Turning Points and Timeline Exercise
At the beginning of December, I mentioned by way of an introductory article on How to Write a Powerful Memoir, that I would begin a series of 3 articles delving into Plot, Structure & Theme. Each of these elements will help you better understand How to Write a Powerful Memoir. This–the first of the three articles–focuses on developing the structure or main spine of your memoir.
There is a great technique that helps you locate the main spine of your stories for a longer memoir. Think about the turning point moments in your life, the special times that changed you profoundly and altered your life in such a way that it was never the same again. Make a list of the 10-15 most significant moments that turned your life path from one direction to another. These might be very different kinds of moments, some ecstatic joy and soaring happiness, and others profound sadness, confusion or grief.
Now draw a timeline on an 18×24 sheet of paper—a long horizontal line to represent time, and mark your birth about ¼ of the way along that line. This way you can note the events that you might want to write that occur before your birth. You might want to write the stories of family, parents, or grandparents—some of the lore that you listened to during holidays or family picnics.
Divide the horizontal line into sections that represent decades, and set out the dates of your life, beginning with your birth, including the year and the date along the horizontal line. Begin to locate your turning point events along the timeline.
In my workshops, there is always an “aha” when doing this exercise. First, thinking about the significant turning points can be illuminating and provide new insights, but then when people see events on the timeline, inevitably they start murmuring about how the events clustered, or how they’d thought the event was closer or further away from another significant event. The emotional impact of the timeline exercise can the powerful, as there is nothing like an image to illuminate the important moments of our lives to offer new insights.

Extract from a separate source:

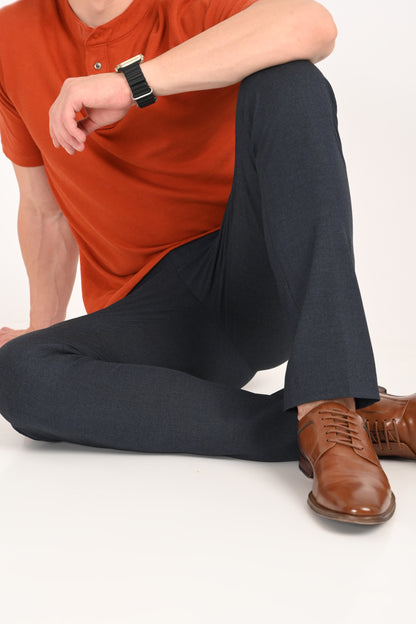 Steel Blue – Ultra Slim Fit 4-Way Stretch Formal Trouser - IVYN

Starting with a spine or structure by using these turning points and timeline exercises is a great place to help you learn How to Write a Powerful Memoir. Stay tuned in the coming weeks as I offer two more suggestions for How to Write a Powerful Memoir.
Good stuff, and not limited to memoir. All our fictional characters have lives memorialized in our stories and the notion of “turning points” and change is emphasized over and over in the concept of “arc.” I am well invested in the notion that fiction is extracted from experience, some quite directly; and, in that sense, memoir and fiction are very closely related.